Ce n’est pas seulement parce qu’ils s’estiment sous-payés qu’un grand nombre d’enseignants quittent la profession au cours des cinq premières années passées dans le réseau de l’éducation. Ou que d’autres, en fin de carrière, prennent la fuite plus tôt qu’ils l’auraient souhaité parce qu’ils sont au bout du rouleau.

Si le gouvernement souhaite vraiment « fournir au personnel enseignant l’encadrement et le soutien qui lui permettront d’amener chaque élève à développer son plein potentiel », comme l’écrivait Jean-François Roberge avant de devenir ministre de l’Éducation, il a du pain sur la planche.

Il faudrait commencer par trouver une façon de formaliser l’accompagnement des nouveaux enseignants pour favoriser leur intégration. De continuer à développer le système de mentorat, donc, cette riche idée mise de l’avant par la CAQ.

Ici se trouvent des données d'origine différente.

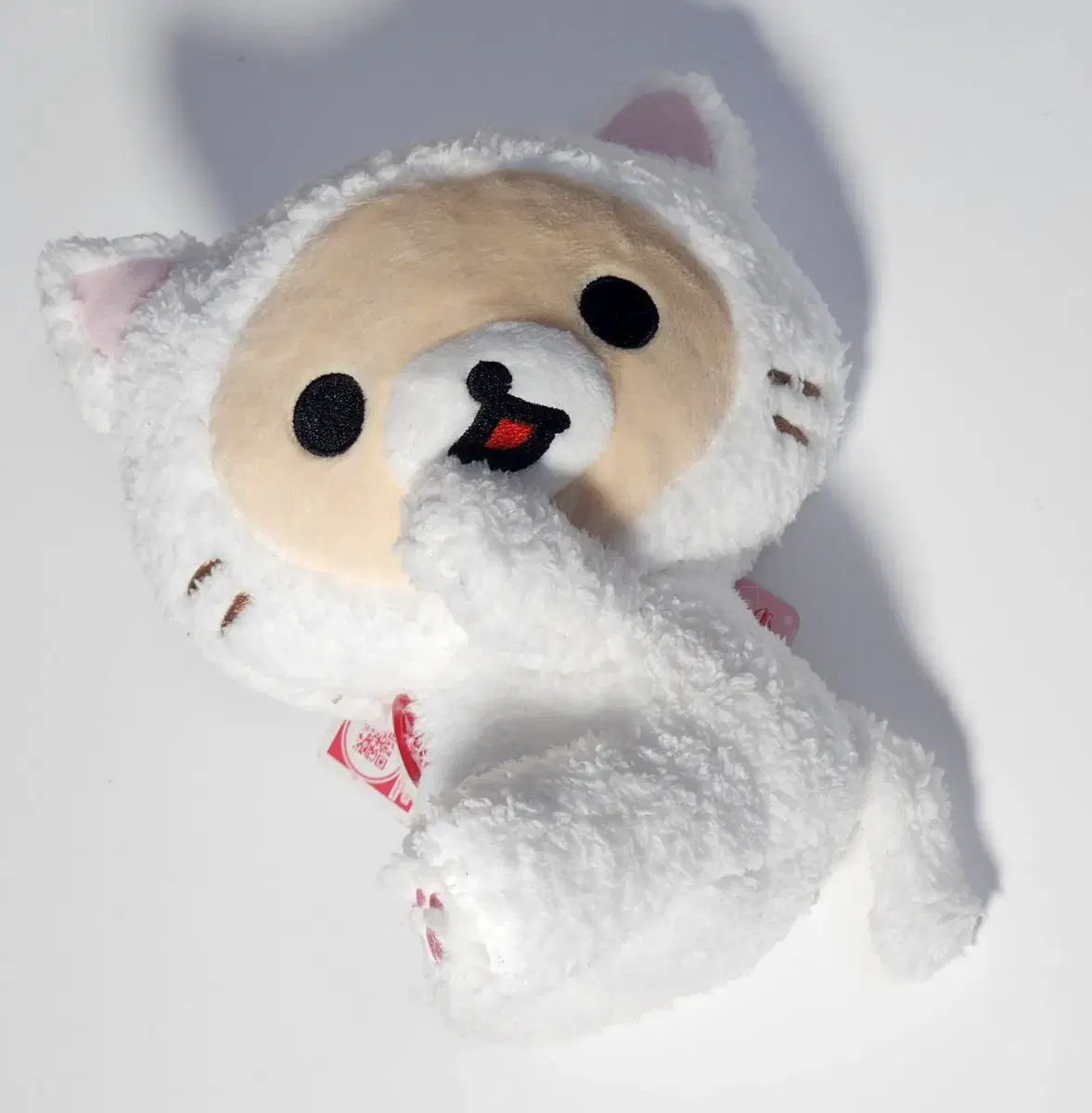 Discount until the 29th Rilakkuma Korilakkuma Neko Cat doll Nui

Et pour ça, il y aura forcément des aménagements à faire dans les horaires. Québec aurait tout avantage à ne pas s’arrêter en si bon chemin. Pourquoi ne pas faire de la place pour répondre à d’autres demandes légitimes en la matière, comme celles en lien avec la formation continue ? Les enseignants disent avoir besoin de plus de temps, notamment pour suivre des formations adaptées à leurs besoins.

On ne peut surtout pas, non plus, passer à côté du défi posé par les élèves en difficulté, dont l’intégration dans les classes ordinaires des écoles publiques se fait trop souvent sans fournir suffisamment de services ou de ressources. Pensons-y : on rapporte désormais des cas de classes ordinaires où près d’un élève sur deux est jugé en handicap ou en difficulté d’adaptation ou d’apprentissage ! Une situation intenable dans les circonstances.

Par ailleurs, qui dit valorisation dit aussi autonomie. Les enseignants ont l’impression d’avoir régressé sur ce plan. C’est une revendication fréquente : cette impression tenace qu’on les considère comme de simples exécutants en irrite plus d’un. Entre autres pour ce qui est du choix des approches pédagogiques ou des instruments d’évaluation.

Enfin, Québec aurait tout avantage à se pencher sur le problème de la précarité pour certains enseignants, qui, inexplicablement, demeure un enjeu en cette ère de pénurie.

Ça peut sembler beaucoup tant cette liste est longue. Mais en fait, considérant ce qui est en jeu, c’est bien peu.

Car régler ces problèmes dans le but d’en finir avec la dévalorisation a le potentiel d’avoir un impact majeur. De provoquer une réaction en chaîne qui aura des conséquences positives tant sur l’attractivité de la profession que sur la qualité de l’enseignement et, du coup, sur la réussite des élèves.

Vu sous cet angle, si c’est « au tour » des enseignants, c’est aussi « au tour » des élèves et, par conséquent, du Québec au grand complet.